HIGH COURT OF SOLOMON ISLANDS
Civil Case No. 283 of 2002.


IN THE MATTER of an appeal before the Western Customary Appeal Court against the determination of the Choiseul Provincial Executive dated the 9th day of July 2002 as to the persons entitled to grant timber rights over Kovarae (Polo land),


AND


IN THE MATTER of an application by Notice of Motion as to whether the parties can make payments of costs for the sitting of the Customary Land Appeal Court (W) to hear the said appeal.


BETWEEN:


SHAKESPEAR GALOBOE, SIMION KEBAKU, MAEKA LEOKANA,
JIMMY PITAKAJI AND POSE POQE.


AND:


JACKSON QALO.


(KABUI, J.).


Date of Hearing: 24th October 2003
Date of Ruling: 29th October 2003


G. Sari for the Applicant/Respondent
P. Tegavota for the Respondents/Applicants


RULING


Kabui, J: By a Notice of Motion filed on 19th September 2003, the Applicant/ Respondent (Jackson Qalo) sought two orders from the Court. The first was an order that the Respondents/ Applicants, (Shakespear Galoboe and Others above) or their contractor, agents, servants invitees be restrained from continuing carrying on any logging activity on Kovarae (Polo land) on Choiseul Island until further orders. The second order was that the Respondents/Applicants, or their contractor do remove their logging equipment and machines within 24 hours from Kovarae (Polo land) within 24 hours.
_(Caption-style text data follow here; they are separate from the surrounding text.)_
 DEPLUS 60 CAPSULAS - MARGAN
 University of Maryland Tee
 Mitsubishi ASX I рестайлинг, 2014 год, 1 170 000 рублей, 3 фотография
Costs are also claimed by the Applicant/ Respondent.


Objection to an affidavit filed by Mr. Soma on 24th October 2003.


Counsel for the Applicant/ Respondent, Mr. Suri, objected to this affidavit on the ground that it was filed only at 9 o'clock before the hearing took place. He said it was a practice discouraged by Justice Brown. I would agree with Justice Brown in this regard. In any case, this affidavit adds nothing to the facts already deposed to in previous affidavits filed in this case. I have simply left the affidavit in the file after accepting it. If, anything, the facts deposed to in this affidavit are best left for consideration by the Chiefs or the Local Court for they are facts about customary land.


The Background.


The facts were set out in my judgment delivered on 31st January 2003. Applicant/ Respondent appealed this judgment and the Court of Appeal having heard the appeal has reserved its decision on this appeal. In the meantime, Applicants/Respondents and their contractor had landed their logging machines and equipment in an area claimed to be part of Kovarae (Polo land). The Western Customary Land Appeal Court by the Applicant/Respondent is still pending, awaiting funding for the hearing to take place.


The Issue.


The issue is whether or not the Respondents/Applicants should be restrained from carrying on logging on Kovarae (Polo land) until the Court of Appeal as delivered its decision and until the Western Customary Land Appeal Court has decided the appeal pending before it.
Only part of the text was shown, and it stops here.